## Supplied records

= Beginning of Section =

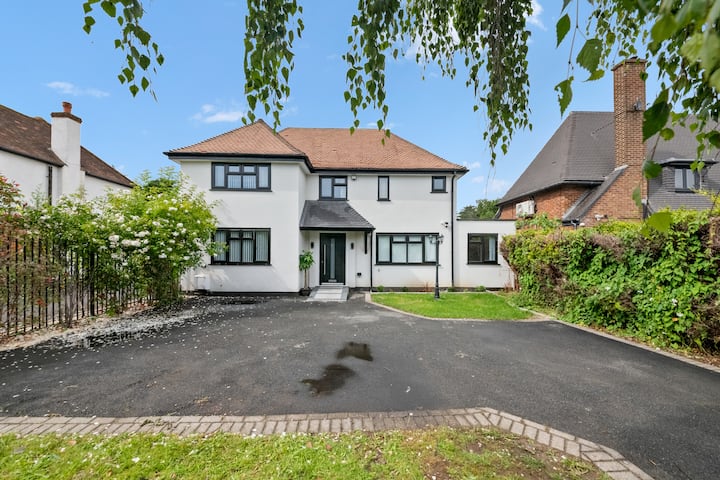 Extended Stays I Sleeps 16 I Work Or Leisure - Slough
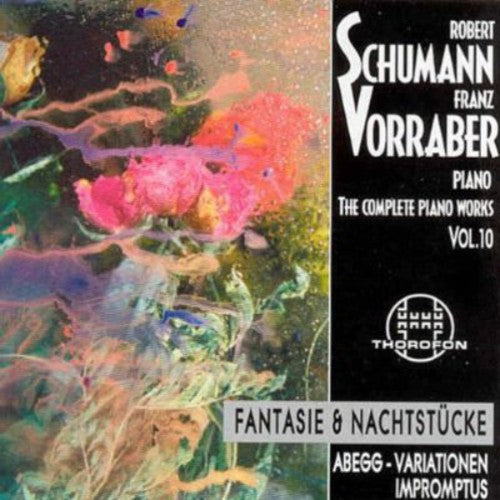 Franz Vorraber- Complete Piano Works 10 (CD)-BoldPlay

= End of Section =
= Beginning of Section =

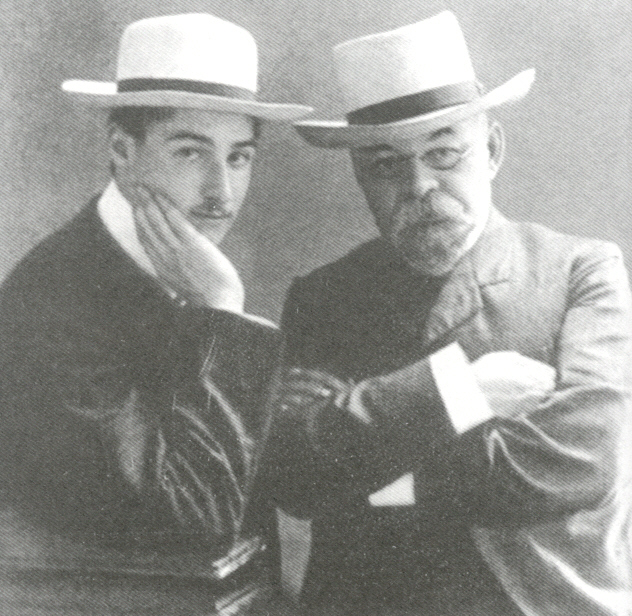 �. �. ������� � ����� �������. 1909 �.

= End of Section =
= Beginning of Section =

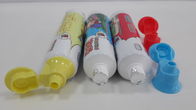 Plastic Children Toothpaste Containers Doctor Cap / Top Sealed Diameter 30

= End of Section =

## Problem details
Only the lines of the listing above from the one with "Extended Stays I" through the one with "Franz Vorraber- Complete" should be output, exactly, with both ends kept and pictures left out.

## Answer for the task
 Extended Stays I Sleeps 16 I Work Or Leisure - Slough
 Franz Vorraber- Complete Piano Works 10 (CD)-BoldPlay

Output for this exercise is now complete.